I fail to see that a chunking mechanism is so like cursors to be ruled  
out of scope by ruling out cursors.

> And if we're not supposed to do cursors in the protocol, it
> seems sneaky to stick that functionality in the QL.

Of course, the question is whether chunk the answers (with possible  
abortion the chunking) requires handling "requester/server interactions  
for result set cursors or proofs." or something sufficiently like. I  
think not, myself.

Hmm. I see:
	http://lists.trolltech.com/qt-interest/2004-11/thread01135-0.html
	http://selectservices.bentley.com/technotes/technotes/7125.htm
	http://www.techweb.com/encyclopedia/defineterm.jhtml? 
term=database+cursor
""" A record pointer in a database. When a database file is selected  
and the cursor is opened, the cursor points to the first record in the  
file. Using various commands, the cursor can be moved forward,  
backward, to top of file, bottom of file and so forth."""

	http://www.sleepycat.com/docs/java/com/sleepycat/db/Cursor.html

"""A database cursor. Cursors are used for operating on collections of  
records, for iterating over a database, and for saving handles to  
individual records, so that they can be modified after they have been  
read."""

Aside from motility, it seems like cursors support server side actions  
(modification).

	http://pybsddb.sourceforge.net/ref/am/cursor.html

"""A database cursor refers to a single key/data pair in the database.  
It supports traversal of the database and is the only way to access  
individual duplicate data items. Cursors are used for operating on  
collections of records, for iterating over a database, and for saving  
handles to individual records, so that they can be modified after they  
have been read
...
Once a database cursor has been opened, records may be retrieved  
(DBcursor->c_get), stored (DBcursor->c_put), and deleted  
(DBcursor->c_del)."""

	http://www.jaws.umn.edu/javascript_1.1/lwa1.htm
	http://www.trifox.com/wpapers/vtxmuxwp.html
	http://www.crystal-soft.com/globalapps/Dataset/dataset.htm

"""Dataset contains data from database, organized into records. Each  
row in dataset represents one record. Every record contain one or more  
fields. As it seen from the picture above, all records have the same  
structure. It is also possible for dataset to contain no records at  
all.  If dataset has at least one record, it has always an active  
record, also known as the database cursor. Any user interaction with  
database data is always performed through active record."""

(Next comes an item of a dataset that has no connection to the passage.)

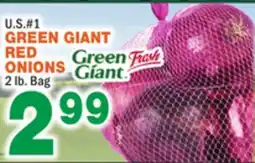 Bravo Supermarkets GREEN GIANT RED ONIONS offer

	http://www.frick-cpa.com/ss7/Theory_Models.asp
"""	• 	There are two approaches to querying data: relational or  
procedural
	• 	Relational queries are constructed in SQL  and are set-based
[snip]	
	• 	Procedural queries involve row-at-a-time processing; they  
'navigate'  through a record set to locate the desired rows
	• 	Cursors are an example of a procedural approach to querying data
	• 	The code below uses a cursor to achieve the same result as the  
previous  SQL query"""
(Chunking could do some of this as you could always chunk at 1 binding)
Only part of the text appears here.